According to Keeler, 70 percent of orders that come in fall through the cracks due to order entry/order management problems such as the ILEC kicking back an incomplete request, or because customers are outside the carrier's footprint, blocked from service because the copper in their area is not suited for DSL or are too far away from the switching office.

Telcos are facing huge turnovers in their sales staffs because the sales people will go out and close a deal, but the telco may only be able to provision service for half of those orders, so the salespeople don't get paid for all their work, says Keeler.

"It's really a time to revenue issue as well as an ROI [return on investment] issue," he says.

DataZen's ServiceFinder allows the service provider on its website to enable the customer to request service and automatically get a response to see whether service can be made available to that customer.

"We have developed an algorithm that works from the CO, and it traverses the street network to create a polygon that is a certain distance away from the central office," he says. It gives the route, the length of route and defines the wires that most likely would carry that user's traffic. And it makes sure that potential customer is within range of the CO for DSL, for example, and checks whether network resources, such as ports on the DSLAM, are available to that customer.

DataZen also provides a variety of other products and services relating to data acquisition and analysis. It has tools for market segmentation and analysis.

A carrier could use these tools to identify companies with 20 to 100 employees and $3 million to $5 million in revenues to ensure it builds its network to reach its target audience.

DataZen also operates a portal through which companies can buy data about markets, buildings, companies, decision makers in those companies and existing infrastructure in place in various markets by other providers. Its "intelligence factory" behind the portal can take data from those public sources and integrate that with customer data a carrier already has. That way a carrier could see where all CO facilities are in a given area, for example, so the service provider could do segmentation analysis and point salespeople only to potential customers that are prequalified for their services.

Choice One Communications Inc. (www.choiceone.com) and Teligent Inc. (www.teligent.com) are DataZen customers.

Preparing to roll out its high-speed cable-based Internet service, Australian service provider Telstra Corp.

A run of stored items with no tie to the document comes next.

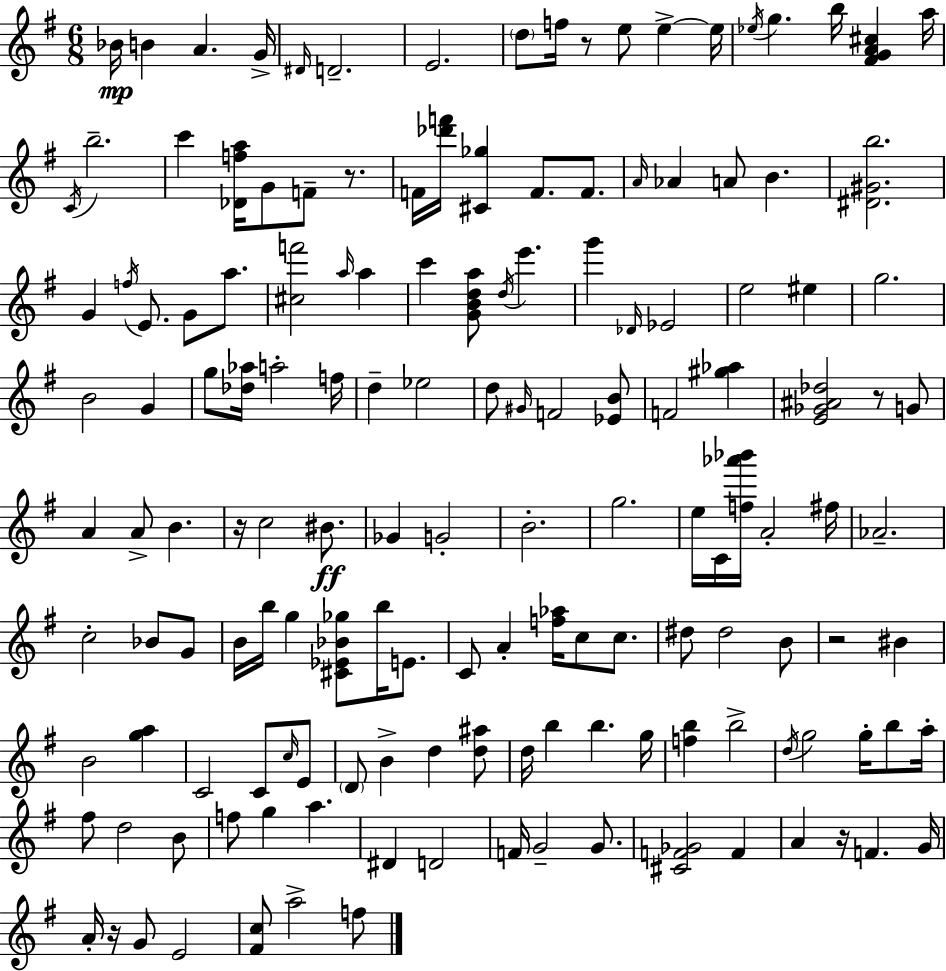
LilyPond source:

{
  \clef treble
  \numericTimeSignature
  \time 6/8
  \key e \minor
  bes'16\mp b'4 a'4. g'16-> | \grace { dis'16 } d'2.-- | e'2. | \parenthesize d''8 f''16 r8 e''8 e''4->~~ | \break e''16 \acciaccatura { ees''16 } g''4. b''16 <fis' g' a' cis''>4 | a''16 \acciaccatura { c'16 } b''2.-- | c'''4 <des' f'' a''>16 g'8 f'8-- | r8. f'16 <des''' f'''>16 <cis' ges''>4 f'8. | \break f'8. \grace { a'16 } aes'4 a'8 b'4. | <dis' gis' b''>2. | g'4 \acciaccatura { f''16 } e'8. | g'8 a''8. <cis'' f'''>2 | \break \grace { a''16 } a''4 c'''4 <g' b' d'' a''>8 | \acciaccatura { d''16 } e'''4. g'''4 \grace { des'16 } | ees'2 e''2 | eis''4 g''2. | \break b'2 | g'4 g''8 <des'' aes''>16 a''2-. | f''16 d''4-- | ees''2 d''8 \grace { gis'16 } f'2 | \break <ees' b'>8 f'2 | <gis'' aes''>4 <e' ges' ais' des''>2 | r8 g'8 a'4 | a'8-> b'4. r16 c''2 | \break bis'8.\ff ges'4 | g'2-. b'2.-. | g''2. | e''16 c'16 <f'' aes''' bes'''>16 | \break a'2-. fis''16 aes'2.-- | c''2-. | bes'8 g'8 b'16 b''16 g''4 | <cis' ees' bes' ges''>8 b''16 e'8. c'8 a'4-. | \break <f'' aes''>16 c''8 c''8. dis''8 dis''2 | b'8 r2 | bis'4 b'2 | <g'' a''>4 c'2 | \break c'8 \grace { c''16 } e'8 \parenthesize d'8 | b'4-> d''4 <d'' ais''>8 d''16 b''4 | b''4. g''16 <f'' b''>4 | b''2-> \acciaccatura { d''16 } g''2 | \break g''16-. b''8 a''16-. fis''8 | d''2 b'8 f''8 | g''4 a''4. dis'4 | d'2 f'16 | \break g'2-- g'8. <cis' f' ges'>2 | f'4 a'4 | r16 f'4. g'16 a'16-. | r16 g'8 e'2 <fis' c''>8 | \break a''2-> f''8 \bar "|."
}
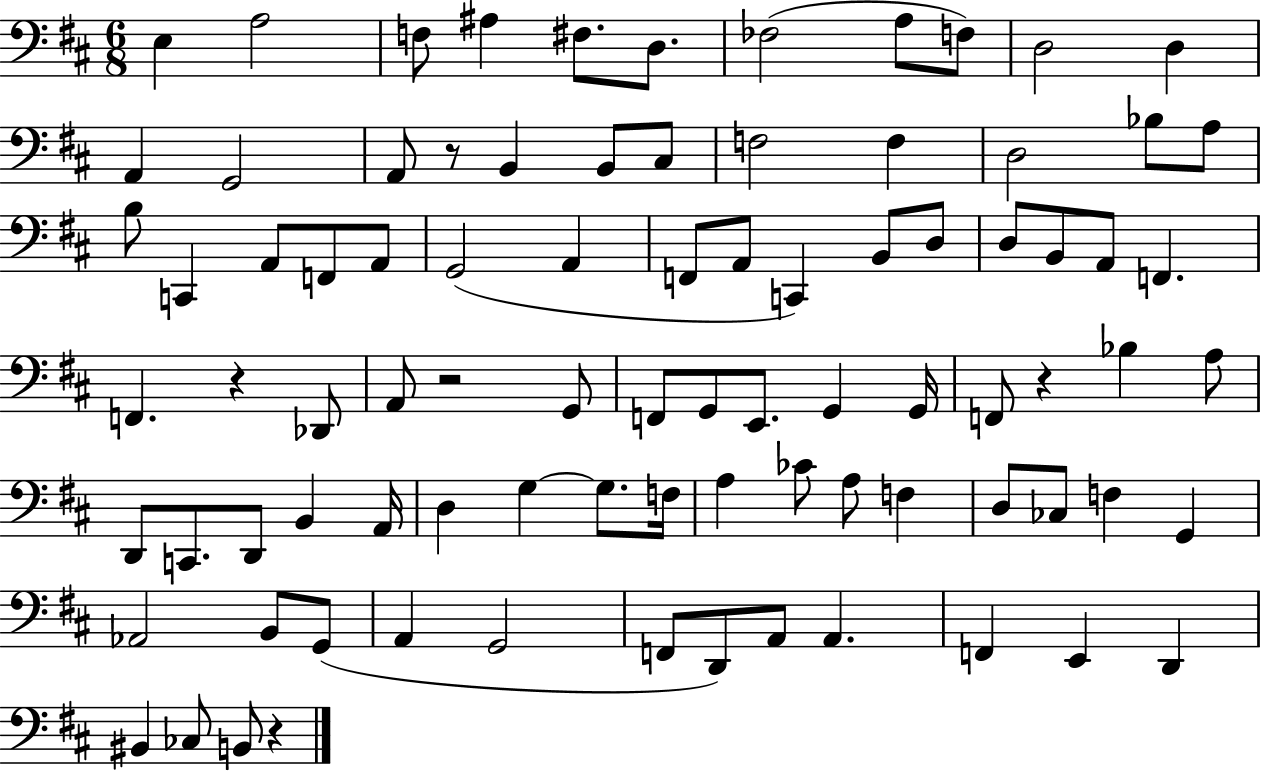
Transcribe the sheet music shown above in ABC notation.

X:1
T:Untitled
M:6/8
L:1/4
K:D
E, A,2 F,/2 ^A, ^F,/2 D,/2 _F,2 A,/2 F,/2 D,2 D, A,, G,,2 A,,/2 z/2 B,, B,,/2 ^C,/2 F,2 F, D,2 _B,/2 A,/2 B,/2 C,, A,,/2 F,,/2 A,,/2 G,,2 A,, F,,/2 A,,/2 C,, B,,/2 D,/2 D,/2 B,,/2 A,,/2 F,, F,, z _D,,/2 A,,/2 z2 G,,/2 F,,/2 G,,/2 E,,/2 G,, G,,/4 F,,/2 z _B, A,/2 D,,/2 C,,/2 D,,/2 B,, A,,/4 D, G, G,/2 F,/4 A, _C/2 A,/2 F, D,/2 _C,/2 F, G,, _A,,2 B,,/2 G,,/2 A,, G,,2 F,,/2 D,,/2 A,,/2 A,, F,, E,, D,, ^B,, _C,/2 B,,/2 z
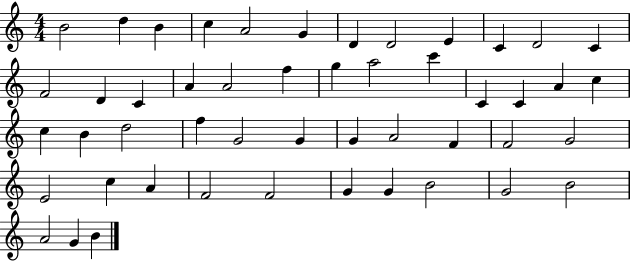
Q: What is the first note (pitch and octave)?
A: B4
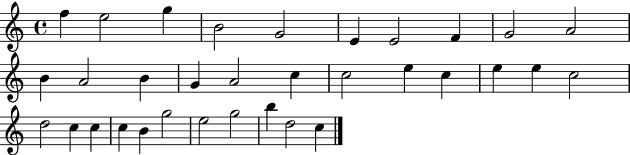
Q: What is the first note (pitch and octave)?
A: F5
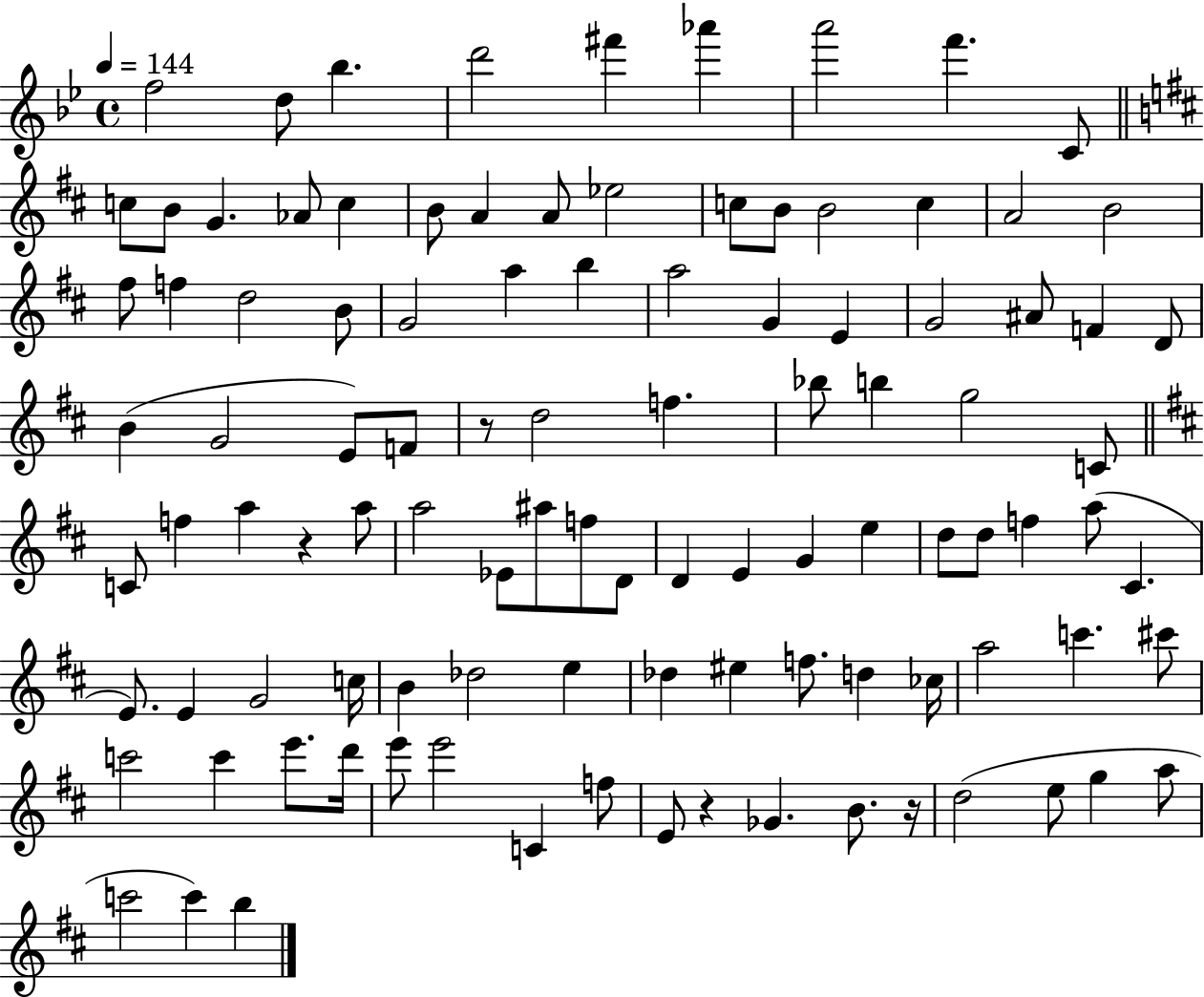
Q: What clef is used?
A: treble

Ltd. (www.telstra.com) used Hewlett-Packard Co.'s (www.hp.com) Smart Internet Usage Program software to gather and analyze usage data to help decide what the best pricing tiers would be for the service, says Dana Kreitter, marketing manager for that HP product.

The other thing important to Telstra was to look at usage data to define its local content caching strategy. To optimize content locally for quicker delivery and more efficient use of its network, Telstra metered the usage of what content people were accessing most and analyzed that data to figure out what content should be cached locally and where. Kreitter says Telstra was a pioneer in analyzing content demand and caching in response to that information.

Kreitter believes service provider data analysis will increase as more IP services are added to the network.

"I think that's going to change with Internet services because with phone service you have a great mechanism for collecting the information [via call detail records from CLASS switches], but it's a limited range of services. But with the Internet, you have everything from telephony to commerce for anything. There is technology current or evolving that will make it possible for service providers to know what users' purchasing preferences are as well as how they use the network."